Top of EXTRACTED MATERIAL

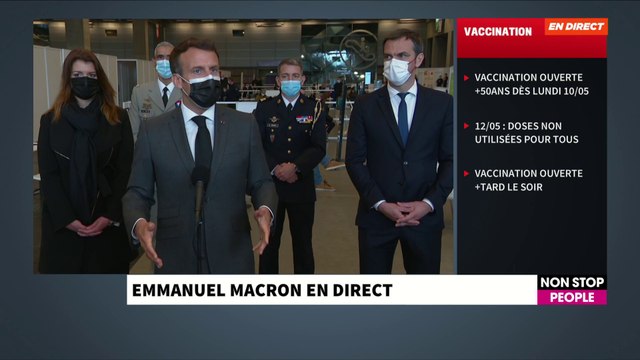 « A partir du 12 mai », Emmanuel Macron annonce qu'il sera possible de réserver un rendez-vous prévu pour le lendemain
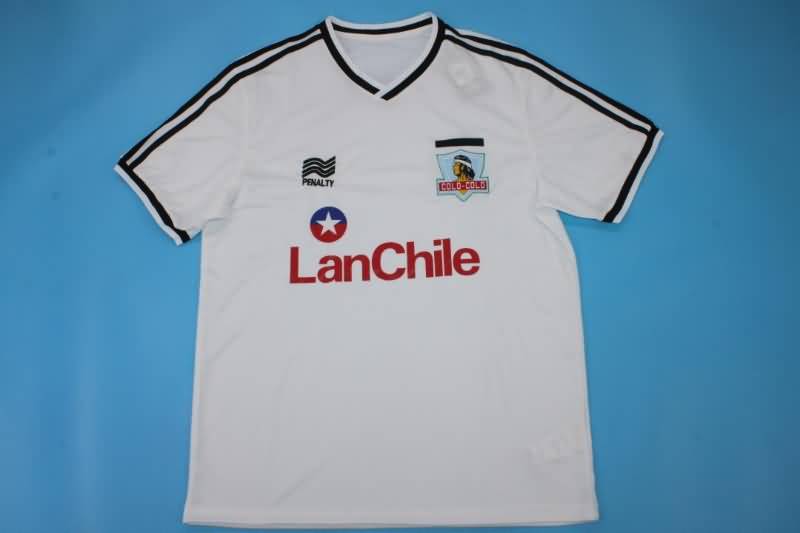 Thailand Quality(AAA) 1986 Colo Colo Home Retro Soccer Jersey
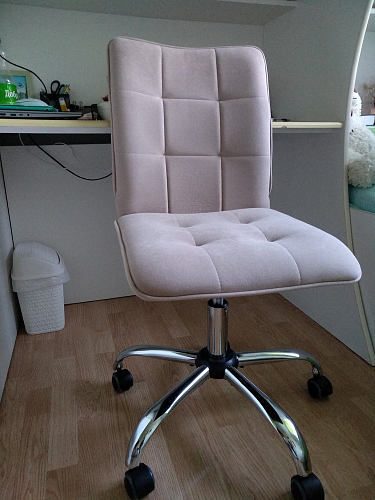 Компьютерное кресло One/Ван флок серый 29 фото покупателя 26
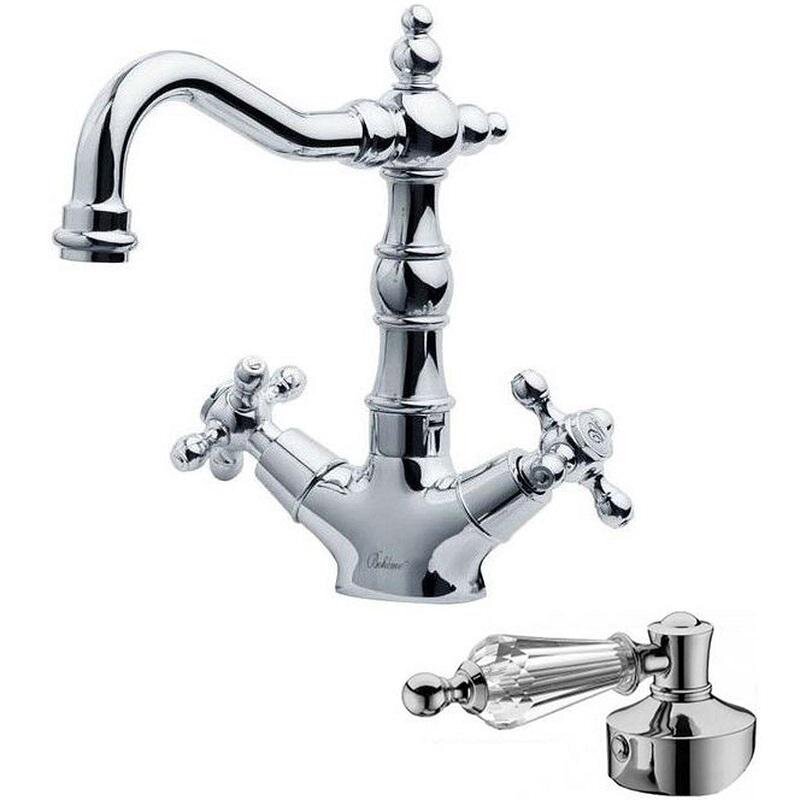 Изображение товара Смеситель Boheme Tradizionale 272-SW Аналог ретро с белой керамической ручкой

Bottom of EXTRACTED MATERIAL
Top of EXTRACTED MATERIAL

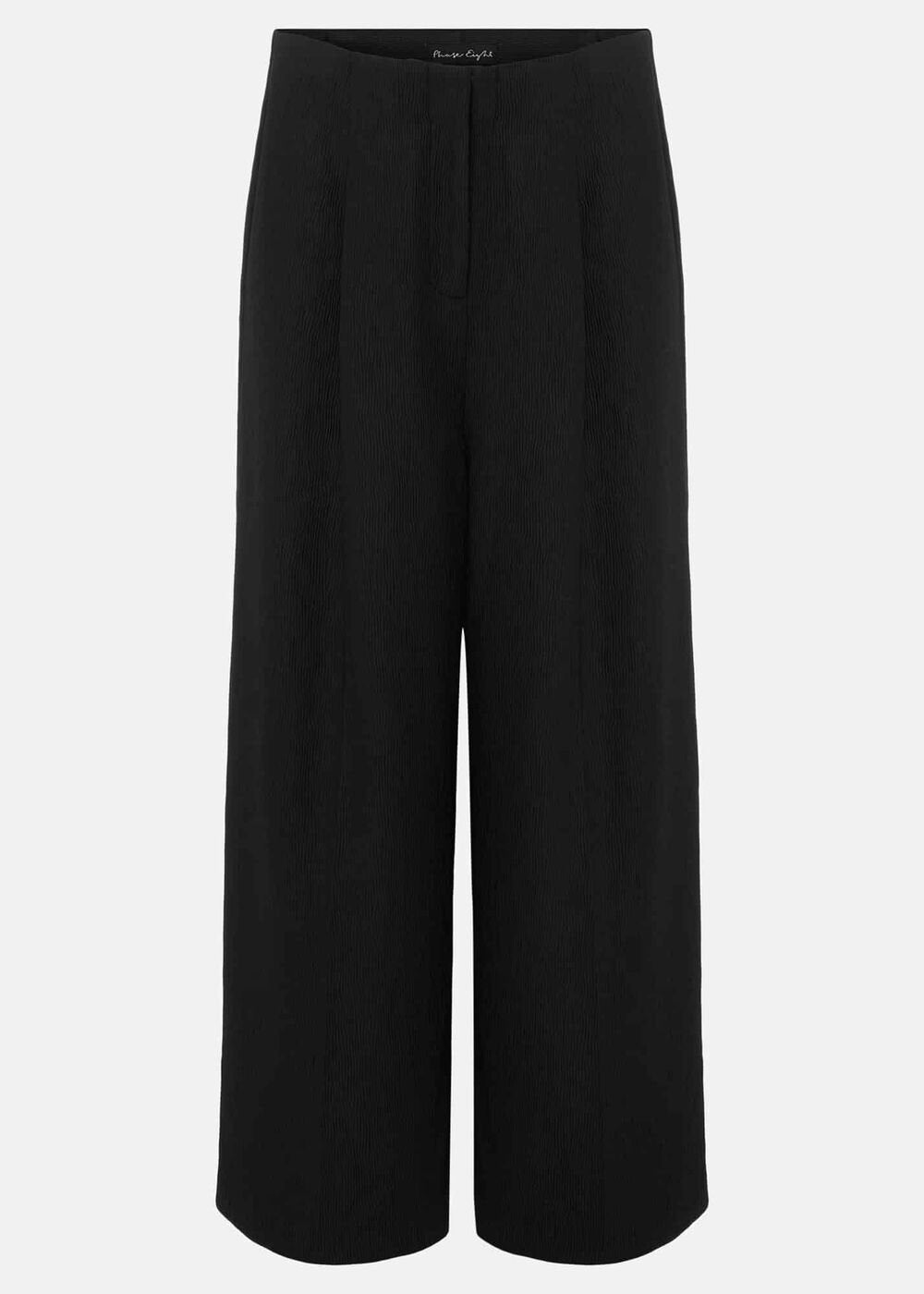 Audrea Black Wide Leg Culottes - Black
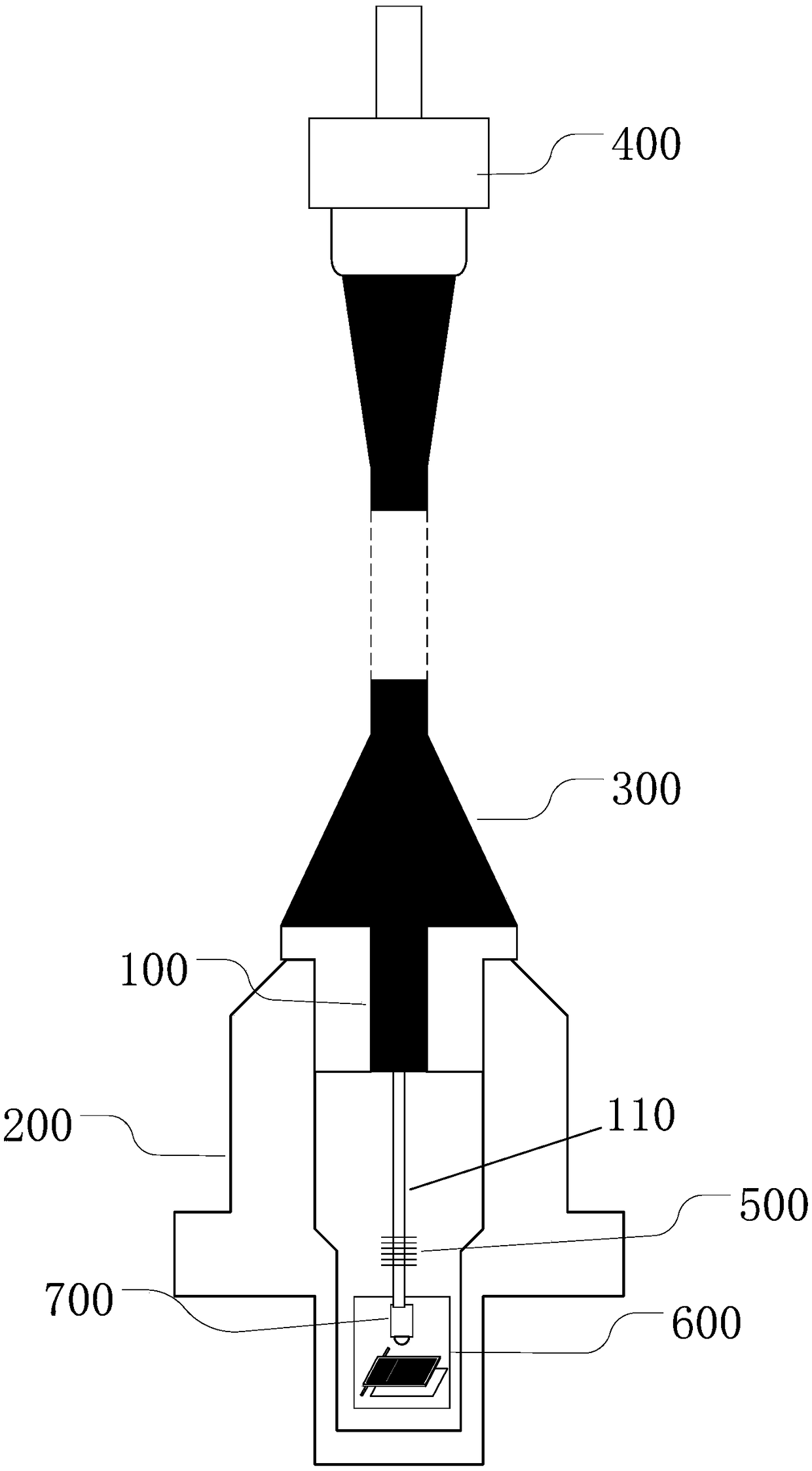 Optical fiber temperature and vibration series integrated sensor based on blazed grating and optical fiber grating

Bottom of EXTRACTED MATERIAL

= WHAT NEEDS TO BE DONE =
Set down exactly the lines above, from the line containing "Thailand Quality(AAA) 1986" through the line containing "Изображение товара Смеситель". Skip the pictures.

= YOUR SOLUTION =
 Thailand Quality(AAA) 1986 Colo Colo Home Retro Soccer Jersey
 Компьютерное кресло One/Ван флок серый 29 фото покупателя 26
 Изображение товара Смеситель Boheme Tradizionale 272-SW Аналог ретро с белой керамической ручкой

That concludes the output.